+++ Data in this exercise +++

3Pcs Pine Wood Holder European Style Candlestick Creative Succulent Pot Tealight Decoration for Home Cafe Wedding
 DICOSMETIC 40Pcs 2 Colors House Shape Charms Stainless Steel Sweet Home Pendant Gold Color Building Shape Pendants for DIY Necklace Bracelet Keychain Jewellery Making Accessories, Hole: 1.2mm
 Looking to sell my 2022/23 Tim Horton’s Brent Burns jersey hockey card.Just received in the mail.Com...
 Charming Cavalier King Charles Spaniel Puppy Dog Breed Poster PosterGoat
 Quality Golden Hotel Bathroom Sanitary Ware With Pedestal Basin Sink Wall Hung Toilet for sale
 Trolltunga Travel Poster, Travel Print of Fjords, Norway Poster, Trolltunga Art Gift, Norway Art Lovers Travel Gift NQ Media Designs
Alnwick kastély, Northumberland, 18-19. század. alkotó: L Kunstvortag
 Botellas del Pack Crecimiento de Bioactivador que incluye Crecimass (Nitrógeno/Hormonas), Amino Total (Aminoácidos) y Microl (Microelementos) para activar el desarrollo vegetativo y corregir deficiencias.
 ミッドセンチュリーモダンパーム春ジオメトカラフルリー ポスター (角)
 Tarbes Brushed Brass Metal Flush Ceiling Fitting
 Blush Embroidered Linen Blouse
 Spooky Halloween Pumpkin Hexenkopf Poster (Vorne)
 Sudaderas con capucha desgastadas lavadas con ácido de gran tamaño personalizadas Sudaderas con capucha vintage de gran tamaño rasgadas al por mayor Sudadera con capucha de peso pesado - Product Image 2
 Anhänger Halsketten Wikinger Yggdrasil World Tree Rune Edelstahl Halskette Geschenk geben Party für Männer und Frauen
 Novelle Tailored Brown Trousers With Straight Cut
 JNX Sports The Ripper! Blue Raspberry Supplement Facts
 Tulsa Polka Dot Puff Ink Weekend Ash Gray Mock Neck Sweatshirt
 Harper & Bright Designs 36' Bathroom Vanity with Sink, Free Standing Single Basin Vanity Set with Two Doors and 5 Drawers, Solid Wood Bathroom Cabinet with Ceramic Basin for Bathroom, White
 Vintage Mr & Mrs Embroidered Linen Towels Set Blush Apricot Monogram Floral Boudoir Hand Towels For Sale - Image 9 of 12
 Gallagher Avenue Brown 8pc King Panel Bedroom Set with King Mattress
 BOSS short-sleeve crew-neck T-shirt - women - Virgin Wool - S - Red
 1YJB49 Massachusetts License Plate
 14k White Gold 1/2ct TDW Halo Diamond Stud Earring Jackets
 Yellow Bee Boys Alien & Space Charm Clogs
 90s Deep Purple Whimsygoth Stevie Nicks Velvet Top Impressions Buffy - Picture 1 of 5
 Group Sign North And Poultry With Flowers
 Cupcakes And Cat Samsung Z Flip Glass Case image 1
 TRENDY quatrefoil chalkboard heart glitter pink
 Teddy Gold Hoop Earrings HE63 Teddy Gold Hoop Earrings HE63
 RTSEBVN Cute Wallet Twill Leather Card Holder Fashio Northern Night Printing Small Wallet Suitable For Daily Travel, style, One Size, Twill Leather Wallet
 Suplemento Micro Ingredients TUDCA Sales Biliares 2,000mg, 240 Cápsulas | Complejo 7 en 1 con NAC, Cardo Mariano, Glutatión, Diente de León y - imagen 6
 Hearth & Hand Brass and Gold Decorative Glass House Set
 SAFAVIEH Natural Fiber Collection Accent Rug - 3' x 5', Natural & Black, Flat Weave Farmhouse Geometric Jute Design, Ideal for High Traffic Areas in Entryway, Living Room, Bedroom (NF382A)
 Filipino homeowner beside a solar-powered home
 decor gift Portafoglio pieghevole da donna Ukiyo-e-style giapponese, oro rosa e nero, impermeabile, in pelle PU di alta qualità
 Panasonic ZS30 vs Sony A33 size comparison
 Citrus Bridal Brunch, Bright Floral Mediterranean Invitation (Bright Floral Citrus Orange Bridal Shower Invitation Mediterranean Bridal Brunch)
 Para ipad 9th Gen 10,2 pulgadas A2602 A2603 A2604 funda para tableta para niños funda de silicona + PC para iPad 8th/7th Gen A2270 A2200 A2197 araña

+++

Exercise description — What lines of the listing contain the word "Glass"? Copy them all.

Written response —
 Cupcakes And Cat Samsung Z Flip Glass Case image 1
 Hearth & Hand Brass and Gold Decorative Glass House Set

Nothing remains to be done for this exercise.